Virgil Crisafulli Collection

Cover Image:
Virgil Crisafulli Collection
Virgil Crisafulli and Utica College Personnel - Image Source

Collection Facts

Extent:
350
Dates of Original:
1960 - 1990; 1945- 1946

Historical Context

Born on April 22, 1912 in Clarksburg, West Virginia, Virgil C. Crisafulli spent his early years in Sicily and Wadsworth, Ohio. He graduated from Wadsworth High School in 1932. In 1938, he married Martha Eva Bair. Crisafulli earned his undergraduate, master's, and doctoral degrees from The Ohio State University. Before joining the U.S. Navy as a lieutenant during World War II, Crisafulli served as an economist with the Office of Price Administration and War Labor Board. During the war, he took part in several major combat operations while serving on the USS Ommaney Bay. Honorably discharged in 1946, Crisafulli joined the founding faculty at Utica College that same year. He worked at Utica College for 33 years as a professor of economics, retiring in 1978 as professor emeritus.

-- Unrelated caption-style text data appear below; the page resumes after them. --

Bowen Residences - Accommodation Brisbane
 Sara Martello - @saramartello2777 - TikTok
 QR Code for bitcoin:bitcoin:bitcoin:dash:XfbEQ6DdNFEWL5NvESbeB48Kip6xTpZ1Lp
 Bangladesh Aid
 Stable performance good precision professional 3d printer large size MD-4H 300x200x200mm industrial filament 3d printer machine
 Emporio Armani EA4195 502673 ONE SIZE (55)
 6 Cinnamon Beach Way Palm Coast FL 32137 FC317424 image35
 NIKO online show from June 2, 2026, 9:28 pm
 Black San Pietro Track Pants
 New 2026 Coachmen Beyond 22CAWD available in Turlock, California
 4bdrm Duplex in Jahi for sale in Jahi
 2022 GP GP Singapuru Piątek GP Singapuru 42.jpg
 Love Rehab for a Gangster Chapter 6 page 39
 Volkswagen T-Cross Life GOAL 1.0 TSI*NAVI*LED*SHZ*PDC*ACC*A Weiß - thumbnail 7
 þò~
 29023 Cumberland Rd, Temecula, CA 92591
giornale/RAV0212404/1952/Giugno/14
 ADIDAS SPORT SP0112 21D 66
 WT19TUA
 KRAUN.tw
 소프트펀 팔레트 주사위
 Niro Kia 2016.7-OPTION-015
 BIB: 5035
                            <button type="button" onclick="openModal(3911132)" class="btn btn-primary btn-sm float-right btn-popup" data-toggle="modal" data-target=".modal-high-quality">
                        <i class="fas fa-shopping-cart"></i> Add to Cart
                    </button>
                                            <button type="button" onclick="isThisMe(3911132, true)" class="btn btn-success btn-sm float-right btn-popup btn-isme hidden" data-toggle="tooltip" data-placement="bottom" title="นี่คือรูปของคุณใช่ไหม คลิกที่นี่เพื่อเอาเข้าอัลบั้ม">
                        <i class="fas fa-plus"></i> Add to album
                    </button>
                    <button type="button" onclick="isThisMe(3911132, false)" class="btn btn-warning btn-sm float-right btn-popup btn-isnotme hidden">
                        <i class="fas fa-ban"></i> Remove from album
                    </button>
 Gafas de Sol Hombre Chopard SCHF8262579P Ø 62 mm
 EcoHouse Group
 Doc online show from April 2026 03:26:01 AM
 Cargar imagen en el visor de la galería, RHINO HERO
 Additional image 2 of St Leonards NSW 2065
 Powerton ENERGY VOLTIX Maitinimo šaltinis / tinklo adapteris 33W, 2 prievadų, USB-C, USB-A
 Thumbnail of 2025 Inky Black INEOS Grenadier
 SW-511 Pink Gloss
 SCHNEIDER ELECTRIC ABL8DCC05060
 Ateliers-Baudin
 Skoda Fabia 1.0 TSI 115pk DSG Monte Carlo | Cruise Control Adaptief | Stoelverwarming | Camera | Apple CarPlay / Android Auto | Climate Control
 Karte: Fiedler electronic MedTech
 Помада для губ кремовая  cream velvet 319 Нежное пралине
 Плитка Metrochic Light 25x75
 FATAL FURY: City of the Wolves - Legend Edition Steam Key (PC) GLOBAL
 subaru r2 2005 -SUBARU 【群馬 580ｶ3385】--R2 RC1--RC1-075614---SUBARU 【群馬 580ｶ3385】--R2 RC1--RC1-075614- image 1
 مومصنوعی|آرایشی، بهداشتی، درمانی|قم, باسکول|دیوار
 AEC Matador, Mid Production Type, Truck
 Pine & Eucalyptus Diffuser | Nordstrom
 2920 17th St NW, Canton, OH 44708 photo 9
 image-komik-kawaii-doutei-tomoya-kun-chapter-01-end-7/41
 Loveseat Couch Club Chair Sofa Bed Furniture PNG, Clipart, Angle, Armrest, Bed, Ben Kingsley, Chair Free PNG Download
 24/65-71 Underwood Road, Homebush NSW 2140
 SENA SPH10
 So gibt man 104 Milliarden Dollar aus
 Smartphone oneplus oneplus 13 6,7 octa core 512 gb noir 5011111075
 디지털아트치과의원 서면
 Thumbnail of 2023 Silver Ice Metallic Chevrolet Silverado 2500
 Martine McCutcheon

During his tenure at Utica College, Crisafulli served on the Wage Stabilization Board during the Korean Conflict. From 1962 to 1964, he ran for Congress and served as Robert F. Kennedy’s Oneida County campaign coordinator. In 1967, Crisafulli served as a delegate to the New York State Constitutional Convention. Throughout his academic career and into retirement, Crisafulli actively continued teaching and researching. He authored several books, including A Directory of Business and Industry in the Upper Mohawk Valley, An Economic Analysis of the Rome-Utica Area, and a History of Utica College.

Scope of Collection

The Virgil Crisafulli Collection contains personal letters and correspondence involving Virgil and Martha Crisafulli, Utica College faculty, and family friends, as well as material relating to Virgil Crisafulli’s awards, distinctions, and other memorabilia surrounding his life and time as a UC faculty member. Included are personal letters between Virgil Crisafulli and his wife Martha Eva Bair, Martha and her sister Maddie Bair, and Martha and Pauline “Polly” Walsh (Sondergelt). Other figures mentioned in these letters include Eda Benton, Mrs. D. E. Whitehead, and Neil Chamberlain, as well as letters, documents, memorandums, pamphlets, programs, assorted notes, and official correspondence regarding Crisafulli’s time at Utica College. Related subjects include official appointment letters and letters of recommendation at UC, material related to UC’s Fiftieth Anniversary, a number of biographical materials detailing Crisafulli’s career, information regarding former UC faculty and staff, and the UC chapter of American Association of University Professors (AAUP). The collection also contains papers, letters, memorandums, pamphlets, photographs, programs, and other documentary material regarding the development, institution and advancement of Utica College’s Crisafulli Fund, Crisafulli’s career and involvement in statewide economic studies, and New York State’s Constitutional Conventions.